Amharic-English bilingual web search engine

  • Authors:
  • Mequannint Munye;Solomon Atnafu

  • Affiliations:
  • Jijiga University, Jijiga, Ethiopia;Addis Ababa University, Addis Ababa, Ethiopia

  • Venue:
  • Proceedings of the International Conference on Management of Emergent Digital EcoSystems
  • Year:
  • 2012

Quantified Score

Hi-index 0.00

Visualization

Abstract

As non-English languages are growing exponentially on the Web, the number of online non-English speakers who realizes the importance of finding information in different languages is enormously growing. However, the major general purpose search engines such as Google, Yahoo, etc have been lagging behind in providing indexes and search features to handle non-English languages. Amharic, which is the family of Semitic languages and the official working language of the federal government of Ethiopia, is one of these languages with a rapidly growing content on the Web. As a result, the need to develop bilingual search engine that handles the specific characteristics of the users' native language query (Amharic) and retrieves documents in both Amharic and English languages becomes more apparent. In this research work, we designed a model for an Amharic-English Search Engine and developed a bilingual Web search engine based on the model that enables Web users for finding the information they need in Amharic and English languages. In doing so, we identified different language dependent query preprocessing components for query translation. We have also developed a bidirectional dictionary-based translation system which incorporates a transliteration component to handle proper names which are often missing in bilingual lexicons.

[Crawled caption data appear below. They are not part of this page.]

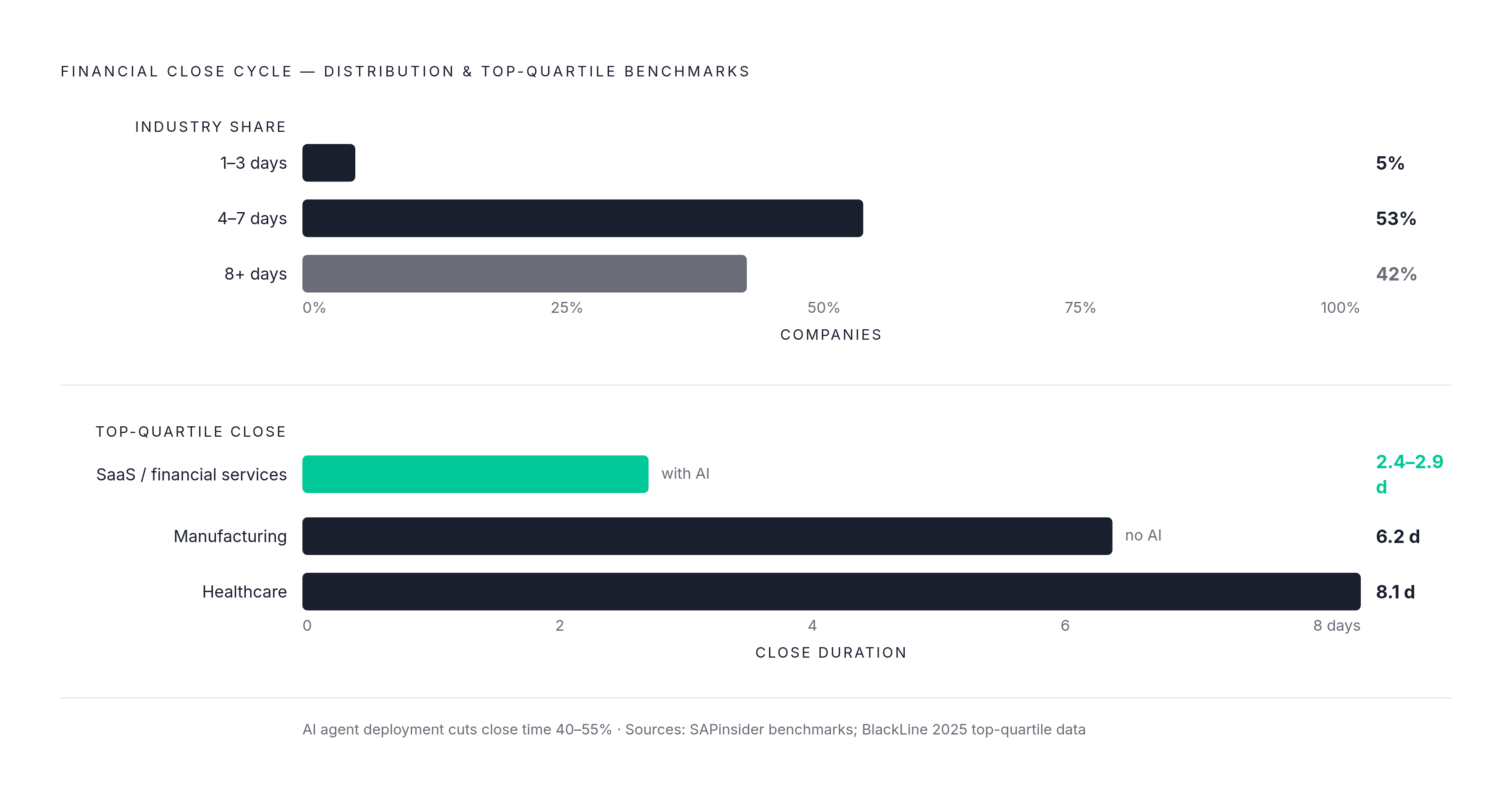 Diagram: How Fast Is Your Close? The Benchmark Spread. Visualizes: Show the distribution of financial close cycle times from SAPinsider benchmarks: 5% of companies close in 1–3 days, 53% in 4–7 days, and 42% in 8+ days.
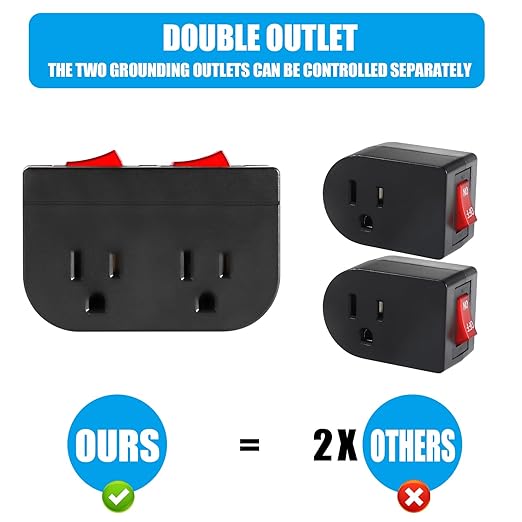 Grounded Outlet with Double ON Off Switch,VSEER 2 Port Electrical Outlet Plug Switch 15A 1875W / Wall Tap Adapter with Daul Red Indicator, ETL Listed (Black 2-Pack)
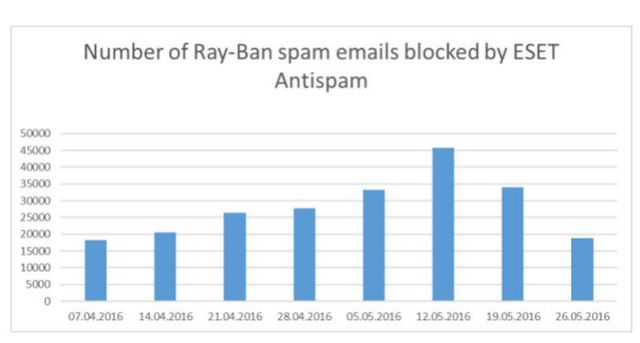 Πάμφθηνα «Ray-Ban» online, με αντάλλαγμα… ολόκληρο τo πορτοφόλι σας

We have used an Amharic search engine and an open source English search engine (Nutch) as our underlying search engines for Web document crawling, indexing, searching, ranking and retrieving. To evaluate the effectiveness of our Amharic-English bilingual search engine, precision measures were conducted on the top 10 retrieved Web documents. The experimental results showed that the Amharic-English cross-lingual retrieval engine performed 74.12% of its corresponding English monolingual retrieval engine and the English-Amharic cross-lingual retrieval engine performed 78.82% of its corresponding Amharic monolingual retrieval engine. The bilingualism advantage of the system is also evaluated by comparing its results with general purpose search engines. The overall evaluation results of the system are found to be promising.